▸ **PROBLEM DESCRIPTION**: Which lines of the entries below run from the one holding "2025 Ford Transit" to the one holding "Siemens 3LD2704-0TK53 3X100A", inclusive? Set down exactly those lines and no others.
=-=-=
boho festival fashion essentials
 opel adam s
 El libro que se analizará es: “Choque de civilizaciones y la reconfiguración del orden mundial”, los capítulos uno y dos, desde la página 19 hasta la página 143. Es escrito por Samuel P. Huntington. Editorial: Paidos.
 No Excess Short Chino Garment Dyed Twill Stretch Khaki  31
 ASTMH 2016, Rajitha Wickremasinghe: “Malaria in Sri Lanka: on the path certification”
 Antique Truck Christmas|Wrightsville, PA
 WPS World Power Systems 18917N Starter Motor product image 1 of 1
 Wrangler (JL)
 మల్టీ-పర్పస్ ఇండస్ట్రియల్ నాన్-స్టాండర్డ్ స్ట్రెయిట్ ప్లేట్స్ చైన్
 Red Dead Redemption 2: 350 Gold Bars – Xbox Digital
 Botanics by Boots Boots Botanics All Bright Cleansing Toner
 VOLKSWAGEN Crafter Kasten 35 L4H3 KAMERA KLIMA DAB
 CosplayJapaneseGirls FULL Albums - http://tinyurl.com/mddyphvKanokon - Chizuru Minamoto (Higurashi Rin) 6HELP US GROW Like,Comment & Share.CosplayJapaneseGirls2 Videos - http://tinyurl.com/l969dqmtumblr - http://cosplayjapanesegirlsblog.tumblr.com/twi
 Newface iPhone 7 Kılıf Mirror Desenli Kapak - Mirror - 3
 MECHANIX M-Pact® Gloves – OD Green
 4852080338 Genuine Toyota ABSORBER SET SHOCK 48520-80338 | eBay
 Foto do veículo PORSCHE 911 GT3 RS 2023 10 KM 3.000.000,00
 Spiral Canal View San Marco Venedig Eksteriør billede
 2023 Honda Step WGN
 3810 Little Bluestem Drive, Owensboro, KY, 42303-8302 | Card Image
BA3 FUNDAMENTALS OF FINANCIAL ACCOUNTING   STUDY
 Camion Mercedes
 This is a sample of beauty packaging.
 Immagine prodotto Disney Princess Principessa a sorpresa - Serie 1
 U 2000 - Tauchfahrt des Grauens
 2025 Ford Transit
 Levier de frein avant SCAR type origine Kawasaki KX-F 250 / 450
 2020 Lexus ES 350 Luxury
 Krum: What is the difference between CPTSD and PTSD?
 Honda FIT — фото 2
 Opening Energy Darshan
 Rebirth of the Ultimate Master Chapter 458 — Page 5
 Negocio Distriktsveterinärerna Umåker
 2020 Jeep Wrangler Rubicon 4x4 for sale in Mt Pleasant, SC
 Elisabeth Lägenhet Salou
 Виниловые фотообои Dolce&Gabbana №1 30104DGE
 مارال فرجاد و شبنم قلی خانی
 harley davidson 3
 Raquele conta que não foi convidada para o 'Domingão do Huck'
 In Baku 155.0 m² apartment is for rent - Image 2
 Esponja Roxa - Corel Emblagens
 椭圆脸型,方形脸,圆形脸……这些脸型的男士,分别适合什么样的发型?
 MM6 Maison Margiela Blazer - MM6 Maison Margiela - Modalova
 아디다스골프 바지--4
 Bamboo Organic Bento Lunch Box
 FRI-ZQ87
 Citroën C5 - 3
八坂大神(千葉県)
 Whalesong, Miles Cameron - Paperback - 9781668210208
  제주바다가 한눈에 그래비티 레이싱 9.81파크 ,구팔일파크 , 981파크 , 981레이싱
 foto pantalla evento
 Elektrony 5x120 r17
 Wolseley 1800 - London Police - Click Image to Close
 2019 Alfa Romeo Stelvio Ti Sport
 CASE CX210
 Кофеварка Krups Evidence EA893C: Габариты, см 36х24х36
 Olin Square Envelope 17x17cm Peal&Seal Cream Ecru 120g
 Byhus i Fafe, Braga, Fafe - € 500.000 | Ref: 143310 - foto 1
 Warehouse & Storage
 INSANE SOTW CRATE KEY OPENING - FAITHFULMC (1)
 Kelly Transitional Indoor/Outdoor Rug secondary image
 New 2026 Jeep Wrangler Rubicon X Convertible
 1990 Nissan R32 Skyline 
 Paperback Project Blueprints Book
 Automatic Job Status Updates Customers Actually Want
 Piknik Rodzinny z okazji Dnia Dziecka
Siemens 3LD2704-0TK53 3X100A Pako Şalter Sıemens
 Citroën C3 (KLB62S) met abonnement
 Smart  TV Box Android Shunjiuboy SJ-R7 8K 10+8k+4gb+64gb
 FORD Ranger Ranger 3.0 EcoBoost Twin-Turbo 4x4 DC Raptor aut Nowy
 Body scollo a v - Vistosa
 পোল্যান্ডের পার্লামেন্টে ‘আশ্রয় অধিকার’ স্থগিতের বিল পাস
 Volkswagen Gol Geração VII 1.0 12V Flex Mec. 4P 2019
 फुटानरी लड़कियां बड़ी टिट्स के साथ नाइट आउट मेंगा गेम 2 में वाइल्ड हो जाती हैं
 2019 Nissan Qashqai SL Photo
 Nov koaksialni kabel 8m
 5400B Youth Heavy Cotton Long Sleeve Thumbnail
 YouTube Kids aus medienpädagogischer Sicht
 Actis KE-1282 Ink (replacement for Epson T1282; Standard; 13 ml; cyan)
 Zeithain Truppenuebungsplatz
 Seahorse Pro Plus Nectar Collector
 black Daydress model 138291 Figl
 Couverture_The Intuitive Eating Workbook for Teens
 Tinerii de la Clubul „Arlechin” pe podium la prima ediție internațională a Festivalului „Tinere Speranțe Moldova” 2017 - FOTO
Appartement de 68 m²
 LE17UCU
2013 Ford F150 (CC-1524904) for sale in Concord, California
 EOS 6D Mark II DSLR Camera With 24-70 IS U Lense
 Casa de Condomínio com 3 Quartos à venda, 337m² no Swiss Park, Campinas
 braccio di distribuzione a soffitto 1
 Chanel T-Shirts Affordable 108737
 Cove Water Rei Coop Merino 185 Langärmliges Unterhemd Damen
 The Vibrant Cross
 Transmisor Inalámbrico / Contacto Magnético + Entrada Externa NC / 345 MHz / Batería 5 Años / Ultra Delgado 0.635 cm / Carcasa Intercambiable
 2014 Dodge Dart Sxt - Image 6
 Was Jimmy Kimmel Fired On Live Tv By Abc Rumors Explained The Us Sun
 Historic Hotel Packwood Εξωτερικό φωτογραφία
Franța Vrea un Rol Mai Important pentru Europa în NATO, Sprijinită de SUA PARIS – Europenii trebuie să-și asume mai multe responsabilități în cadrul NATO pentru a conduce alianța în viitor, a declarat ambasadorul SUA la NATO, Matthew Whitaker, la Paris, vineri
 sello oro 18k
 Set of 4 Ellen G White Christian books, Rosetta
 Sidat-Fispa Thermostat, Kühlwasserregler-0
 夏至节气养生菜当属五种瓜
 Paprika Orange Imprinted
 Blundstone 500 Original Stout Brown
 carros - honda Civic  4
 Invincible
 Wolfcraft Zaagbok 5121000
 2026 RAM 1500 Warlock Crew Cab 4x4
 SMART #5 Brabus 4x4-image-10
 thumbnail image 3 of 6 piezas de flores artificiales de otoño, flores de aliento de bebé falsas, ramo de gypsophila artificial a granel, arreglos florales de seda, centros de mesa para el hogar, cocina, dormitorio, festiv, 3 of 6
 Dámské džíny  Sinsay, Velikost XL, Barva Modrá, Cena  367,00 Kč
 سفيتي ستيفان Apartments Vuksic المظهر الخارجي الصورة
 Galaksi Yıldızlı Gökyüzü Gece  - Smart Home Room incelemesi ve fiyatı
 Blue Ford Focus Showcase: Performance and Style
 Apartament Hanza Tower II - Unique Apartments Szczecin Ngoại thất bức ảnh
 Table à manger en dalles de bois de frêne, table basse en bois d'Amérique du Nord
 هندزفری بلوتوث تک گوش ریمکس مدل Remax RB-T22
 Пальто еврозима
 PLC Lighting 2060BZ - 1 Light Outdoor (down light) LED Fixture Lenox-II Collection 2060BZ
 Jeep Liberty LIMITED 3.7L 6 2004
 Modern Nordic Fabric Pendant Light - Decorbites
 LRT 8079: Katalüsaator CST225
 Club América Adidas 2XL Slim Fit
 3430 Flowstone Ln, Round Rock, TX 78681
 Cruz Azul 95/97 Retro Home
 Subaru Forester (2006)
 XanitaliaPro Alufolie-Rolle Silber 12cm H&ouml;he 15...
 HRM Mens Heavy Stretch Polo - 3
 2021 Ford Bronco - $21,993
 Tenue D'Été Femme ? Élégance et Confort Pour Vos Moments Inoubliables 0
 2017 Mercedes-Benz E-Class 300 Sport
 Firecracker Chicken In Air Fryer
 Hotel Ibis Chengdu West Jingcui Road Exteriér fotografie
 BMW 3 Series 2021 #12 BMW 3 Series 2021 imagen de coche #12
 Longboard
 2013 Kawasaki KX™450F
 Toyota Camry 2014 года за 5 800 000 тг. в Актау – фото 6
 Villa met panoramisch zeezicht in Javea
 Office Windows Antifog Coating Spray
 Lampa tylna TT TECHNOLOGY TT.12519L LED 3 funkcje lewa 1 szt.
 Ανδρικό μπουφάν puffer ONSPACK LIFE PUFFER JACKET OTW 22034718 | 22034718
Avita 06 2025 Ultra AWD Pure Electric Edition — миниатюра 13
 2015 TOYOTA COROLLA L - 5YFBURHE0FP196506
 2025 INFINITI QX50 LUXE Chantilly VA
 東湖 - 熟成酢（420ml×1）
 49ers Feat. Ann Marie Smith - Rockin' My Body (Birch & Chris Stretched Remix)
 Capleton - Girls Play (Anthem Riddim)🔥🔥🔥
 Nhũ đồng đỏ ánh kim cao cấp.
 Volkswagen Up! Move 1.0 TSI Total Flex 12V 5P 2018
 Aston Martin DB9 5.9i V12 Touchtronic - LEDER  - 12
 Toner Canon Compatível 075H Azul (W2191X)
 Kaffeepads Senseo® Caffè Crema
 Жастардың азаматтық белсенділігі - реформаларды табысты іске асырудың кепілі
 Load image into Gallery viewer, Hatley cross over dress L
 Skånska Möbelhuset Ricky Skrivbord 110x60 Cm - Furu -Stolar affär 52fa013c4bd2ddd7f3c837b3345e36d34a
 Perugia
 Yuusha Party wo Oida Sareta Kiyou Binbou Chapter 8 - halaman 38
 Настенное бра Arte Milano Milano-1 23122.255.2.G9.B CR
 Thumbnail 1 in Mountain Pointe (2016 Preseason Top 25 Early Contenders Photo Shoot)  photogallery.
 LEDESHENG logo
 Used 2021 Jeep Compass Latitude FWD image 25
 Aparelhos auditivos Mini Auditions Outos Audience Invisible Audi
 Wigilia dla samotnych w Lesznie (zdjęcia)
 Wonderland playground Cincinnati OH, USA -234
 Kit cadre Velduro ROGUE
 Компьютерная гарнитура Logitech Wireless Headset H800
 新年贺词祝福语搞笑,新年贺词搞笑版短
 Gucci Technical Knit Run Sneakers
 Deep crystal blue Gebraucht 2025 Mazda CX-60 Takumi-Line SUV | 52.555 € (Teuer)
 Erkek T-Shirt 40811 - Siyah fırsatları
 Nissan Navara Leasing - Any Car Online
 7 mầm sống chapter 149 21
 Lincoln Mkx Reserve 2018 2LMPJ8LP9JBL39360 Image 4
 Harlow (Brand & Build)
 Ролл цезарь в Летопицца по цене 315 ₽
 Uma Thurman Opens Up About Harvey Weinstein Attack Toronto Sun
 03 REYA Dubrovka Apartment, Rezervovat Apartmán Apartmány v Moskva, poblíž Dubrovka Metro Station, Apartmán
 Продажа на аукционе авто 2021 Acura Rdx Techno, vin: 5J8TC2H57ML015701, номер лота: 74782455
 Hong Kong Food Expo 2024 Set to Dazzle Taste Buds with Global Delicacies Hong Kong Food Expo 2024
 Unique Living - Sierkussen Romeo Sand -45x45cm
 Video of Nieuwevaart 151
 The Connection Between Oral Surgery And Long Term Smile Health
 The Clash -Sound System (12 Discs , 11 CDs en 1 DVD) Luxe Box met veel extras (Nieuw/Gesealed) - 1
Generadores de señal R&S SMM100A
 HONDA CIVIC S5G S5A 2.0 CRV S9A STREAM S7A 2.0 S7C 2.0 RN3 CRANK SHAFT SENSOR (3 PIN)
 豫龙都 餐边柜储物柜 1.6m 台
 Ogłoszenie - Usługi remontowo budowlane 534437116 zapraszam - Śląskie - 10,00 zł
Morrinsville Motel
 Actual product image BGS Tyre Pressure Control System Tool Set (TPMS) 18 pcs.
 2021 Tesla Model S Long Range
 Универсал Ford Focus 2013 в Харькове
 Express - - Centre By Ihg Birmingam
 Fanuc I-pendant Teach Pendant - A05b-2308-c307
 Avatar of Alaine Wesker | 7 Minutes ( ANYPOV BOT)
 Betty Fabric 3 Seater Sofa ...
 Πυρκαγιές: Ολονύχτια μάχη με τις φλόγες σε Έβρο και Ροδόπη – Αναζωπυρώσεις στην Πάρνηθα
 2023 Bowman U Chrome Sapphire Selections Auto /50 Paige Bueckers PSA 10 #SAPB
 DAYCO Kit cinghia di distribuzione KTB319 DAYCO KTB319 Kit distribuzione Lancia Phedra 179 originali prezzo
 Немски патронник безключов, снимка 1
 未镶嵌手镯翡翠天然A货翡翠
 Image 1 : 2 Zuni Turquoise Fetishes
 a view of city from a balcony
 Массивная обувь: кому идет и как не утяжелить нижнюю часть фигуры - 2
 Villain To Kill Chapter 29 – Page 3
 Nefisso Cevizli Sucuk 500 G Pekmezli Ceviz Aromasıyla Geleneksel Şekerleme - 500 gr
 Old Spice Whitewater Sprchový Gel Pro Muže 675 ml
=-=-=
▸ **THE ANSWER**:
 2025 Ford Transit
 Levier de frein avant SCAR type origine Kawasaki KX-F 250 / 450
 2020 Lexus ES 350 Luxury
 Krum: What is the difference between CPTSD and PTSD?
 Honda FIT — фото 2
 Opening Energy Darshan
 Rebirth of the Ultimate Master Chapter 458 — Page 5
 Negocio Distriktsveterinärerna Umåker
 2020 Jeep Wrangler Rubicon 4x4 for sale in Mt Pleasant, SC
 Elisabeth Lägenhet Salou
 Виниловые фотообои Dolce&Gabbana №1 30104DGE
 مارال فرجاد و شبنم قلی خانی
 harley davidson 3
 Raquele conta que não foi convidada para o 'Domingão do Huck'
 In Baku 155.0 m² apartment is for rent - Image 2
 Esponja Roxa - Corel Emblagens
 椭圆脸型,方形脸,圆形脸……这些脸型的男士,分别适合什么样的发型?
 MM6 Maison Margiela Blazer - MM6 Maison Margiela - Modalova
 아디다스골프 바지--4
 Bamboo Organic Bento Lunch Box
 FRI-ZQ87
 Citroën C5 - 3
八坂大神(千葉県)
 Whalesong, Miles Cameron - Paperback - 9781668210208
  제주바다가 한눈에 그래비티 레이싱 9.81파크 ,구팔일파크 , 981파크 , 981레이싱
 foto pantalla evento
 Elektrony 5x120 r17
 Wolseley 1800 - London Police - Click Image to Close
 2019 Alfa Romeo Stelvio Ti Sport
 CASE CX210
 Кофеварка Krups Evidence EA893C: Габариты, см 36х24х36
 Olin Square Envelope 17x17cm Peal&Seal Cream Ecru 120g
 Byhus i Fafe, Braga, Fafe - € 500.000 | Ref: 143310 - foto 1
 Warehouse & Storage
 INSANE SOTW CRATE KEY OPENING - FAITHFULMC (1)
 Kelly Transitional Indoor/Outdoor Rug secondary image
 New 2026 Jeep Wrangler Rubicon X Convertible
 1990 Nissan R32 Skyline 
 Paperback Project Blueprints Book
 Automatic Job Status Updates Customers Actually Want
 Piknik Rodzinny z okazji Dnia Dziecka
Siemens 3LD2704-0TK53 3X100A Pako Şalter Sıemens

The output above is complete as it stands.